In the words of Andrew Toward, Edfundo’s co-founder, a parent of two, and a teacher.

As a co-founder of Edfundo you would expect me to push for increased efforts to plug the financial literacy gap among our youth, after all this is the founding ethos of our first smart money management app for teens and tweens (set to launch in the New Year).

Yet there is a pressing social need to ensure that our youth are money-smart as they enter adulthood – and that is good mental health.

There are several studies, including some from the World Health Organization, that demonstrate a cyclical link between financial worries and mental health problems such as depression and anxiety brought on by lack of sleep etc.

Once people suffer from poor mental health, their financial decision-making worsens, and they fall further into the mental health trap.

If we nurture our youth as financial literate, we are also setting them up for a greater chance of mental wellbeing and deliver a huge benefit to society.

When you consider that in a typical country, presently one in five people suffers from a mental illness – the great majority from depression or crippling anxiety. Indeed, mental illness accounts for half of all illness up to age 45 in economically advanced countries, making it the most prevalent disease among working-age people.
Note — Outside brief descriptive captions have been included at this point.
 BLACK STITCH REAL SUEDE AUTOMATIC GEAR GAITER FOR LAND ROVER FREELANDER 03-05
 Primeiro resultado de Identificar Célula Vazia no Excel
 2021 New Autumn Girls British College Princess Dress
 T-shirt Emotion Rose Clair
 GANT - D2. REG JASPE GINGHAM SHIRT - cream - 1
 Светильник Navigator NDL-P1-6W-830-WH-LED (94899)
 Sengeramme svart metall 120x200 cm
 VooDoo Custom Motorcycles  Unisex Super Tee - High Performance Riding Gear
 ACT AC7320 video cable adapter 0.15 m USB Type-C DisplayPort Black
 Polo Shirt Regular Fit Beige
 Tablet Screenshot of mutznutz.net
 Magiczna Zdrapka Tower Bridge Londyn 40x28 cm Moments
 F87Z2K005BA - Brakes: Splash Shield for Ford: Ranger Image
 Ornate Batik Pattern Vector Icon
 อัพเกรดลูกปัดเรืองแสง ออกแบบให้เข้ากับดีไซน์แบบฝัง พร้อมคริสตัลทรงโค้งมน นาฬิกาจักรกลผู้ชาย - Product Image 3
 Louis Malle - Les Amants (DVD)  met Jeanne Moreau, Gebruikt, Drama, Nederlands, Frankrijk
Once you realise this the impact it has on healthcare provision, on lost working production time and national wealth all kicks into play.

Financial literacy then is essential for personal and national wellbeing.

We also need to ensure that our youth are not left behind in the journey towards the cashless, digital financial society.

Currently youngsters are unbanked – they cannot open a personal bank account until they are 18+ and thus their actual financial decision-making is limited.

Even though financial literacy is part of the national curriculum in the UAE and elsewhere around the globe, it is not a dedicated subject and is embedded into other subjects and therefore is often ignored or overshadowed.

As teachers, and parents, my co-founder and I realized that this not only puts younger generations at risk of poor mental health but of poverty in financial decision-making and this is a societal concern as most nations within the Middle East and North Africa region envision migrating to cashless societies by 2030.

Now’s the time to include our youth in the transformations which are altering the personal financial landscape.

The digital economy – 4IR – is here and now and has been accelerated by the COVID-19 pandemic with a huge flight from cash to digital payments, many retailers are no longer accepting cash.

Despite these pressing, and rather obvious rationales, little is still being done to educate our young to be money smart which is the guiding ethos of Edfundo.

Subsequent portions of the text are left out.